Heisst Kulturflatrate: Möglichst viel Musik runterladen am Stück für möglichst wenig Geld?
„Und ansonsten ist alles technisch lösbar“
Glaubst Du das wirklich?
„Auf gesetzlicher Ebene gibt es Lösungsansätze“
Wo denn? Auf „gesetzlicher Ebene“ hat die Medienindustrie in den letzten Jahrzehnten einen Erfolg nach dem anderen erreicht. Und dieser Trend geht nach wie vor ungebremst weiter (geplante Verlängerung der Schutzdauer für Tonaufnahmen in der EU).
Ist „Kultur“ nur das, was digital zerlegt und erfasst werden kann, oder soll die „Kulturflatrate“ auch Formen von Kultur finanzieren, die nicht über das Internet verbreitet werden können?
Außerdem sollte endlich das Gerede von der „Kulturflatrate“ beendet werden. Eine Flatrate ist ein kommerzielles Angebot, dass die Konsumenten nutzen (und bezahlen) können oder auch nicht.
Was die Befürworter einer „Kulturflatrate“ wollen, ist eine Steuer, die alle bezahlen sollen, unabhängig von der Nutzung.

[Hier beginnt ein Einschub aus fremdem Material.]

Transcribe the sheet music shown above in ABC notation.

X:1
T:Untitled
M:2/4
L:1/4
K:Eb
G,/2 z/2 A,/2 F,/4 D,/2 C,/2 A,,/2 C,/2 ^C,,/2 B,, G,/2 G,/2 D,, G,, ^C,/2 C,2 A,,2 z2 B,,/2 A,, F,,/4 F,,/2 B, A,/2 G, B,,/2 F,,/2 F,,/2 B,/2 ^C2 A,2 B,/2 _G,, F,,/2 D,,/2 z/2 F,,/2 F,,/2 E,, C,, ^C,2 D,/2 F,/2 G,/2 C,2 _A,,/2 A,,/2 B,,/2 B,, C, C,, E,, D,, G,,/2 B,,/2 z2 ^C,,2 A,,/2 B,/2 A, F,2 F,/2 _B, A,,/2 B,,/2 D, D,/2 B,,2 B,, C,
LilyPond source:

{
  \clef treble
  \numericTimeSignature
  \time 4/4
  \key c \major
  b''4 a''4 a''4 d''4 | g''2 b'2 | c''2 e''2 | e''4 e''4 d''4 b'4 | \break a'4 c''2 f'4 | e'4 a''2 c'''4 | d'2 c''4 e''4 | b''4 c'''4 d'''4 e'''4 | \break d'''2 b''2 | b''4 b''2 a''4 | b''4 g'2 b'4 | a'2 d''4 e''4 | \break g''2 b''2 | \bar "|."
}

Wie Du richtig schreibst „ein neuer Sozialvertrag“.
Im Prinzip (vielleicht) eine gute Idee, aber die Umsetzung wurde sehr viel mehr als einige technische Maßnahmen erfordern – und Marcel hat völlig recht: die etablierten Rechteinhaber, Künstler, Institutionen, Vermittler, Kritiker usw. usf. würden sehr genau darauf achten, dass ihre Interessen dabei nicht zu kurz kommen.

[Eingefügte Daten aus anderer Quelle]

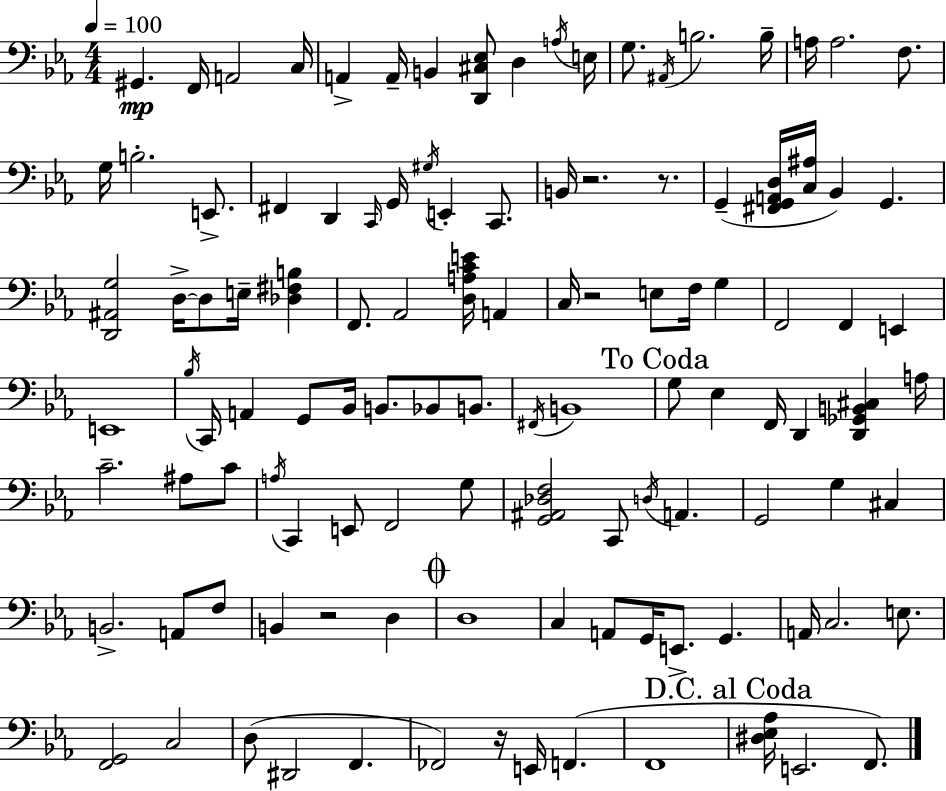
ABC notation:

X:1
T:Untitled
M:4/4
L:1/4
K:Cm
^G,, F,,/4 A,,2 C,/4 A,, A,,/4 B,, [D,,^C,_E,]/2 D, A,/4 E,/4 G,/2 ^A,,/4 B,2 B,/4 A,/4 A,2 F,/2 G,/4 B,2 E,,/2 ^F,, D,, C,,/4 G,,/4 ^G,/4 E,, C,,/2 B,,/4 z2 z/2 G,, [^F,,G,,A,,D,]/4 [C,^A,]/4 _B,, G,, [D,,^A,,G,]2 D,/4 D,/2 E,/4 [_D,^F,B,] F,,/2 _A,,2 [D,A,CE]/4 A,, C,/4 z2 E,/2 F,/4 G, F,,2 F,, E,, E,,4 _B,/4 C,,/4 A,, G,,/2 _B,,/4 B,,/2 _B,,/2 B,,/2 ^F,,/4 B,,4 G,/2 _E, F,,/4 D,, [D,,_G,,B,,^C,] A,/4 C2 ^A,/2 C/2 A,/4 C,, E,,/2 F,,2 G,/2 [G,,^A,,_D,F,]2 C,,/2 D,/4 A,, G,,2 G, ^C, B,,2 A,,/2 F,/2 B,, z2 D, D,4 C, A,,/2 G,,/4 E,,/2 G,, A,,/4 C,2 E,/2 [F,,G,,]2 C,2 D,/2 ^D,,2 F,, _F,,2 z/4 E,,/4 F,, F,,4 [^D,_E,_A,]/4 E,,2 F,,/2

Daraus ergibt sich, dass eine „Kulturflatrate“ (im utopischen Sinne der „freien“ Finanzierung von „Kultur“) erst NACH einer Beseitung der kapitalistischen Produktionsverhältnisse eingeführt werden kann.
Was „Kulturförderung“ im Kapitalismus bedeutet, zeigt sich zum Beispiel in Deutschland im Filmbereich: Da ist der erwartete finanzielle Erfolg das wichtigste Kriterium bei der Vergabe von Mitteln.

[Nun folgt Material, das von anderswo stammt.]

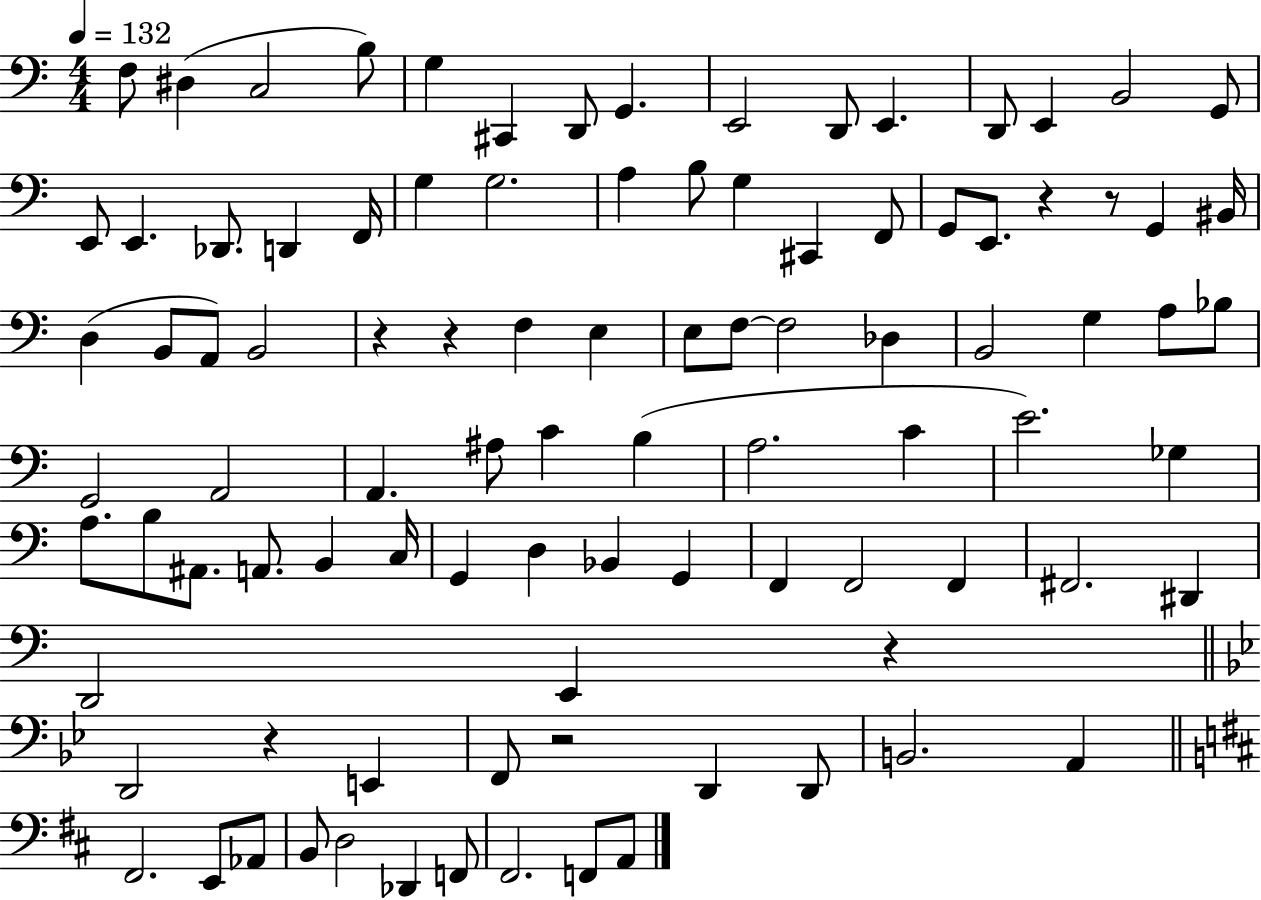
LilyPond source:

Eine richtig gute Idee. Aber sie muß bald umgesetzt werden, sonst gilt im Internet: Nur
die großen Unternehmen setzen sich mit ihren
massentauglichen (teilweisen blöden) Formaten durch und die viel beschworene Vielfalt im Netz ist dann dahin.
Dieter, zur gesetzlichen Lage gibt es Gutachten, die zeigen, dass eine Kulturflatrate machbar ist und auch mit dem sog. 3-Stufen Test klappt. Was vom BMJ gerne verneint wird.
Und eine Kulturflatrate wäre auch keine Steuer, auch wenn das gerne so diskreditiert wird. Und bei der Kulturflatrate geht es darum, digitale Werke zu kompensieren.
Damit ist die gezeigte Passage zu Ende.